§ **What is expected**:
Across the entries below, how many lines have the string "Scottish" in them? Reply with only the number.

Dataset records
***

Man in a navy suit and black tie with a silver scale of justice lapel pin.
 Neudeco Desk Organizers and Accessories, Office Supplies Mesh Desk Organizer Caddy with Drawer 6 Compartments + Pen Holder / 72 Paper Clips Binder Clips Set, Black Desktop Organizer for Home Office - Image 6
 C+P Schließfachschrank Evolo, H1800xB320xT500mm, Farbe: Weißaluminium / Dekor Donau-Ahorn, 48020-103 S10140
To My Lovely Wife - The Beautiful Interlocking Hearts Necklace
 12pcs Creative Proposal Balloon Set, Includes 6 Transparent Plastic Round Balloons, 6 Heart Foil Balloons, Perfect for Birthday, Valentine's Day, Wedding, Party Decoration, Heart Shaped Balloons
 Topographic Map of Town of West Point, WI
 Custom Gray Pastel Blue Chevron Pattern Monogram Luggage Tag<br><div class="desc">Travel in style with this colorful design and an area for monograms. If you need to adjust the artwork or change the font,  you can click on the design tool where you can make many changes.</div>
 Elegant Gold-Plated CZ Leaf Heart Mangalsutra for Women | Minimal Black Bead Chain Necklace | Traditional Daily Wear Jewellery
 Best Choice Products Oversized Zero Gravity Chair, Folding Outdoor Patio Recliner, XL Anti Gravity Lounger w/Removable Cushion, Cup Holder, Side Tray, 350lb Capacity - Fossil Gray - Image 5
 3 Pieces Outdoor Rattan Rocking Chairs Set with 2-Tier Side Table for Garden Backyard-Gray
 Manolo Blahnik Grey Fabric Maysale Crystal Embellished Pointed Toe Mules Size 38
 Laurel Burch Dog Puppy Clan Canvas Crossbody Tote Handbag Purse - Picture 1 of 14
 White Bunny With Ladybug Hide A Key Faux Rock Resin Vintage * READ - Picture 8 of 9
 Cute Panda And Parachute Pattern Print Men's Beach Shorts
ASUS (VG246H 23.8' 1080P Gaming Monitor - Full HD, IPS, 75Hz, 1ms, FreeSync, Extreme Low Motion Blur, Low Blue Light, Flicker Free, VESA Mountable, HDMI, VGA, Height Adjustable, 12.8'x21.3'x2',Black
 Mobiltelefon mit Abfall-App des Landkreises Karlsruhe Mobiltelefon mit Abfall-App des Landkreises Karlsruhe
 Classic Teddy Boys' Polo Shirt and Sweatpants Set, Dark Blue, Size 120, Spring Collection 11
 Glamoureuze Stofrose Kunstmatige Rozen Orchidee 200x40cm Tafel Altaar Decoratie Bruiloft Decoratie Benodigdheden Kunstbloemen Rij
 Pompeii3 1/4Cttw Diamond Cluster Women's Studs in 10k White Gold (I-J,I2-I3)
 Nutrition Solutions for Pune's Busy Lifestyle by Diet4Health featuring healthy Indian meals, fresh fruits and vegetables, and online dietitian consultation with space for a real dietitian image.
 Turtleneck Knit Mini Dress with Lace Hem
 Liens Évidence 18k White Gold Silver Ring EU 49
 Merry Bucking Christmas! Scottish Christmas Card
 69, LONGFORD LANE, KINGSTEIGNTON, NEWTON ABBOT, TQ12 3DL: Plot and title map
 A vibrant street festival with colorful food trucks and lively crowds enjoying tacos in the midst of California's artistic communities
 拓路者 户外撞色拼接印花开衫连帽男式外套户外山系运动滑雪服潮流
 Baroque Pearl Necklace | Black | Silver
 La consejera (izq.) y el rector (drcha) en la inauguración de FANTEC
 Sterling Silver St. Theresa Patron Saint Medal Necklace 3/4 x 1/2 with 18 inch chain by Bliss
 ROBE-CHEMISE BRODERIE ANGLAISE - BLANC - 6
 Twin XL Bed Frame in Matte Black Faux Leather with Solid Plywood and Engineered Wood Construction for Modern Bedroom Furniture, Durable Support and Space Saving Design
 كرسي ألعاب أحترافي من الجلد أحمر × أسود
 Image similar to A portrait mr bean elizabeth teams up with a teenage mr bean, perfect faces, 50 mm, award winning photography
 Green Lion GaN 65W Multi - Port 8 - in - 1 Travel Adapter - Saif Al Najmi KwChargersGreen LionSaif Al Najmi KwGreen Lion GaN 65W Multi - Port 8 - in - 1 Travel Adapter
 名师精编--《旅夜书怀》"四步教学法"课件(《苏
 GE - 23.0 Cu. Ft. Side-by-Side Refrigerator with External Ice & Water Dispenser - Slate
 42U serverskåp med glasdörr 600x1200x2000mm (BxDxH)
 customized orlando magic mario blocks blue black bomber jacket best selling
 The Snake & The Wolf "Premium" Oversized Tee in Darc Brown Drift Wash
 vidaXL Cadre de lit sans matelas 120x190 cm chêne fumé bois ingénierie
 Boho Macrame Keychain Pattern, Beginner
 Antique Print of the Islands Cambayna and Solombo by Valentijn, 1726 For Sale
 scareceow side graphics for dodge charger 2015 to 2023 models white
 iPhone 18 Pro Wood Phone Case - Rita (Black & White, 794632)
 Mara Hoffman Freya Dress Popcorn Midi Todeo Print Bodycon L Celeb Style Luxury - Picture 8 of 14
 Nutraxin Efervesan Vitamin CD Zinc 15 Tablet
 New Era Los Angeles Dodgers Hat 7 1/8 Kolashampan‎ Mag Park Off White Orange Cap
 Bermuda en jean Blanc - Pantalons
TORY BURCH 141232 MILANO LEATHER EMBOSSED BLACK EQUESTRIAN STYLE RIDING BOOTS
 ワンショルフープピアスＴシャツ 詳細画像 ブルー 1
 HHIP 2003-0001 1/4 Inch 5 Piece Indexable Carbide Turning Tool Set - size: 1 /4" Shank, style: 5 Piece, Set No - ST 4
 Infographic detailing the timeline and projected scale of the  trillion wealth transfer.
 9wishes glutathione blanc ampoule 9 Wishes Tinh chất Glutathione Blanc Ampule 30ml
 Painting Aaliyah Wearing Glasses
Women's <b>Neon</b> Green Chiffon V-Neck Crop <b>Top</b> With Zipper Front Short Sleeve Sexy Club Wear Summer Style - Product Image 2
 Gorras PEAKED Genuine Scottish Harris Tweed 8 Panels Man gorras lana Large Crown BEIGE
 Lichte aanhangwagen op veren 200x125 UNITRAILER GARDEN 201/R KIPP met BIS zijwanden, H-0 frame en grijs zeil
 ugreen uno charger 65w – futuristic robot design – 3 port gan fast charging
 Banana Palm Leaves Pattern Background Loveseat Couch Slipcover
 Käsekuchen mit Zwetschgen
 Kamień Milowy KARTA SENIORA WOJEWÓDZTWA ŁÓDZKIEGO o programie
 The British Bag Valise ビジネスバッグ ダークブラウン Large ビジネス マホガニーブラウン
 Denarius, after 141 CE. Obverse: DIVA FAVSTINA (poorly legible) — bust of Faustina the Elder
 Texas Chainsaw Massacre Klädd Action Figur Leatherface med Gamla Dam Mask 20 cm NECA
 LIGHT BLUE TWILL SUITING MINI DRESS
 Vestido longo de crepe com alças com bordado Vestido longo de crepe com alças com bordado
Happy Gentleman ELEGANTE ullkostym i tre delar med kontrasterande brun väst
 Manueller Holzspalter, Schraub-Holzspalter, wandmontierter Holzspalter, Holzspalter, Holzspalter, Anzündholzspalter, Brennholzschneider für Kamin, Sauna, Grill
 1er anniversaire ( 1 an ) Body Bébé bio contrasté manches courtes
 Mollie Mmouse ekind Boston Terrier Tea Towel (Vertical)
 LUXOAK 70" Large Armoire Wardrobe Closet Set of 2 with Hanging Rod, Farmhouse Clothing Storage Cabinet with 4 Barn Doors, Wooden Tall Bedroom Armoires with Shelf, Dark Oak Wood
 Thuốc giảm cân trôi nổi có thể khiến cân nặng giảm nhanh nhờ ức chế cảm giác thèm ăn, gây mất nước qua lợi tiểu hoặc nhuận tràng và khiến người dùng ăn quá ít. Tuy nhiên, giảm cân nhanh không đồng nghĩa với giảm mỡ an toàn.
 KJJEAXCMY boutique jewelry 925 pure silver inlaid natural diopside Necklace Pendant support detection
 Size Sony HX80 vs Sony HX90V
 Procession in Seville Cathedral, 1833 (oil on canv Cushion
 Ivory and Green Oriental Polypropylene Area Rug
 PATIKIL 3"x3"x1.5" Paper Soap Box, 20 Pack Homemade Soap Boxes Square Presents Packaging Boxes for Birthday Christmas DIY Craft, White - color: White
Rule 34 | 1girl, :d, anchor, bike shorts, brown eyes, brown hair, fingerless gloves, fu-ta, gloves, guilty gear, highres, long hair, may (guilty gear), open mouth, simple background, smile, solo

***

§ **Task answer**:
2